Work request
Transcribe exactly the stretch of lines beginning at the one containing "グレージュ♪〔八戸、田向〕" and closing with the last line of the entries below. Omit images.

(Items from a data source)
______

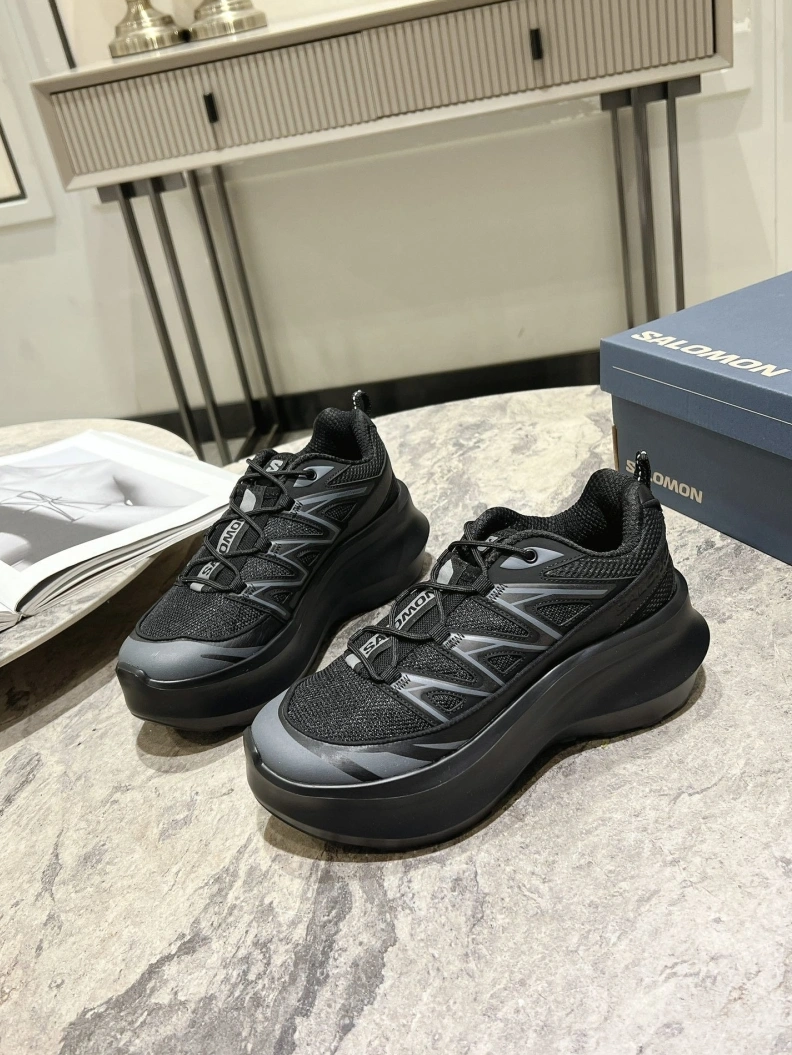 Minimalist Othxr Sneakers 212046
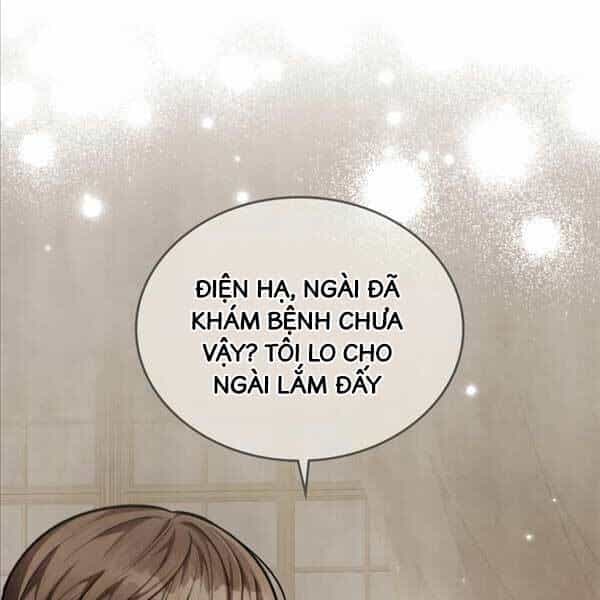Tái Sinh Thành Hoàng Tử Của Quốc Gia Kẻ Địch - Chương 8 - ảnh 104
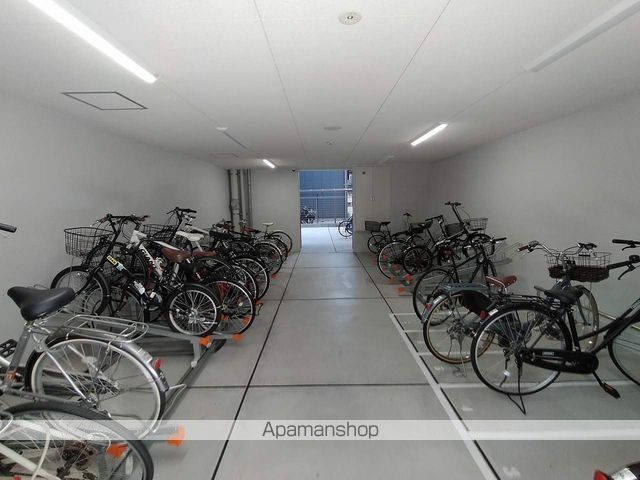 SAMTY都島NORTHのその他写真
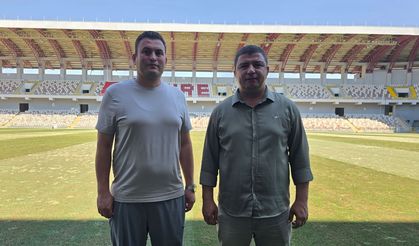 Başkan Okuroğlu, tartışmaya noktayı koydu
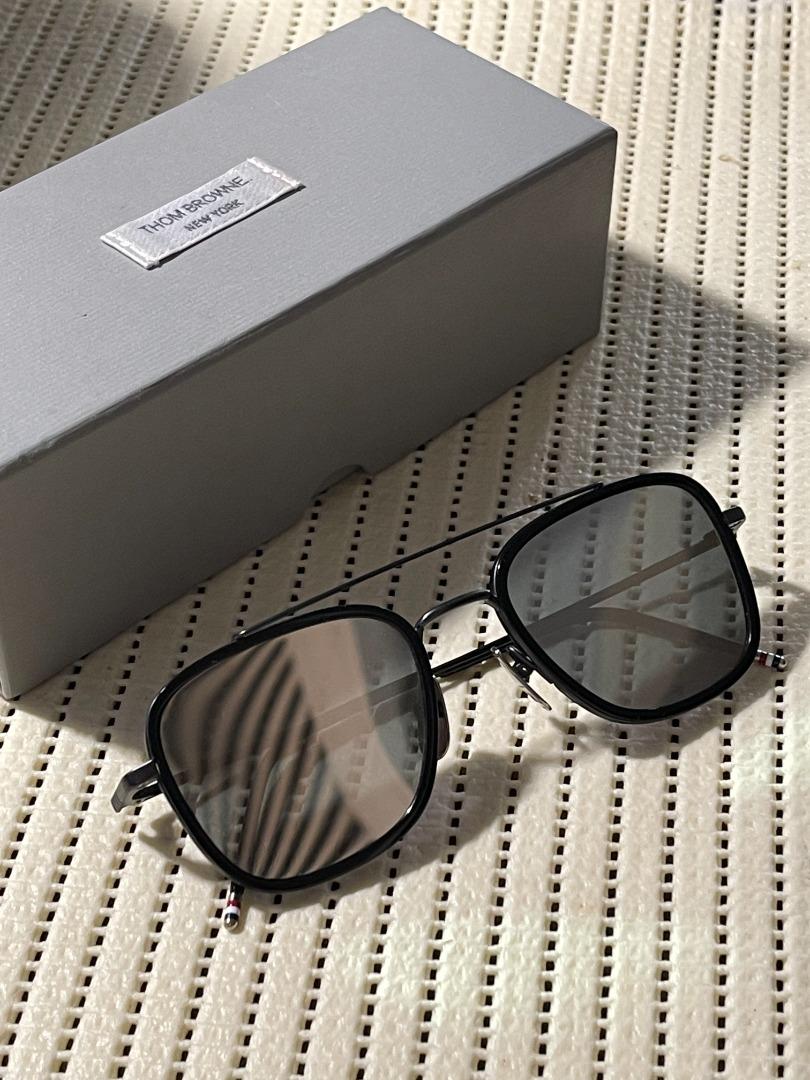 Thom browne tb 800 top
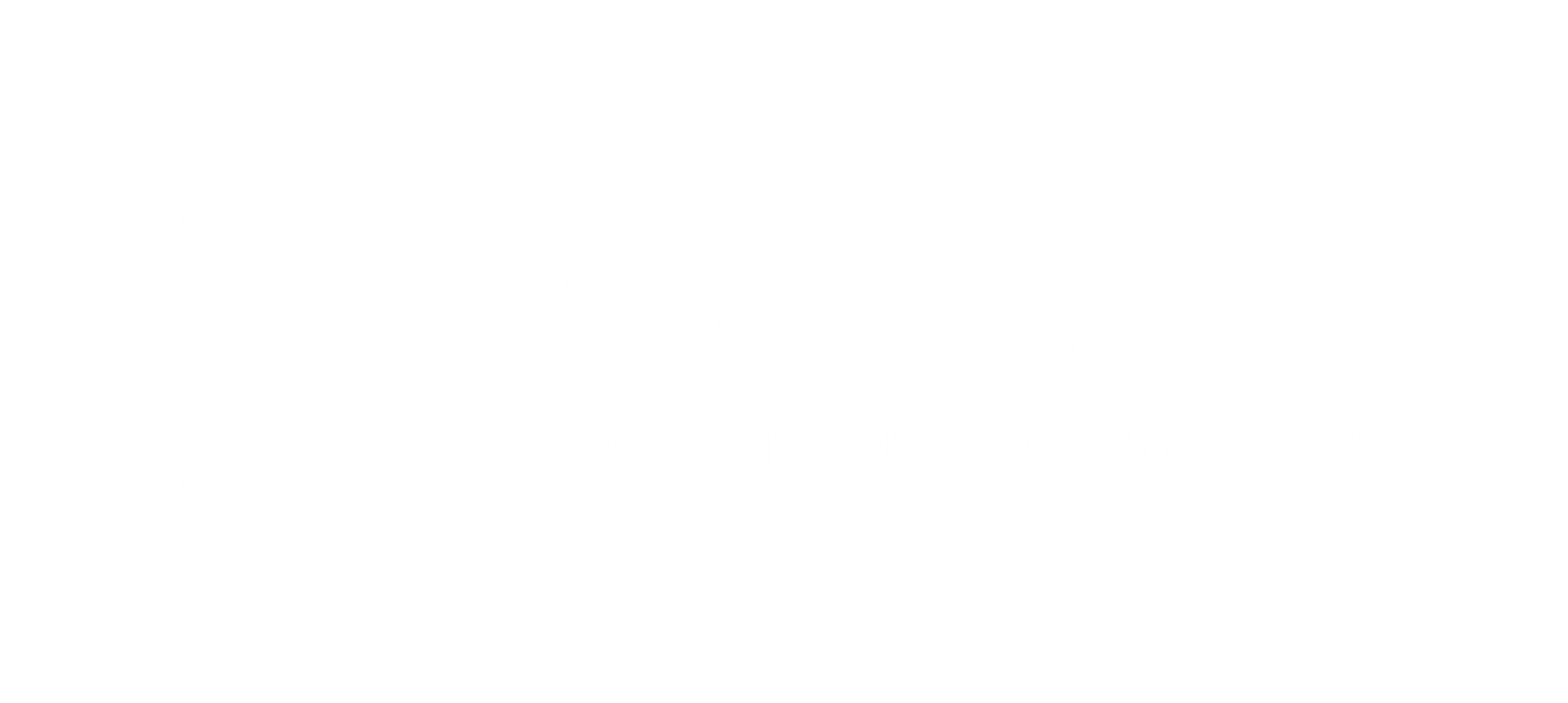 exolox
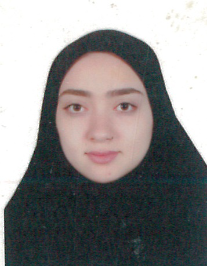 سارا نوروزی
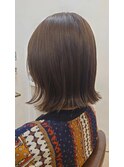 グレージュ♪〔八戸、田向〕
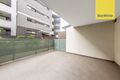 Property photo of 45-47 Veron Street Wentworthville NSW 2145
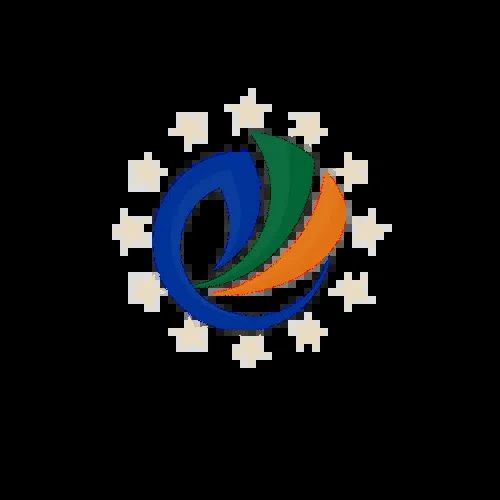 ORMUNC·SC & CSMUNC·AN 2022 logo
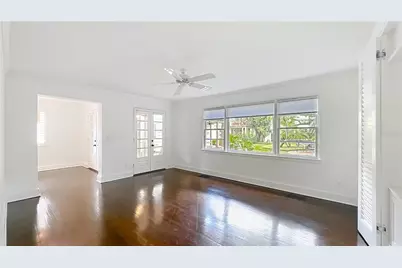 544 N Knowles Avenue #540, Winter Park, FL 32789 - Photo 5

______

Response to this task
 グレージュ♪〔八戸、田向〕
 Property photo of 45-47 Veron Street Wentworthville NSW 2145
 ORMUNC·SC & CSMUNC·AN 2022 logo
 544 N Knowles Avenue #540, Winter Park, FL 32789 - Photo 5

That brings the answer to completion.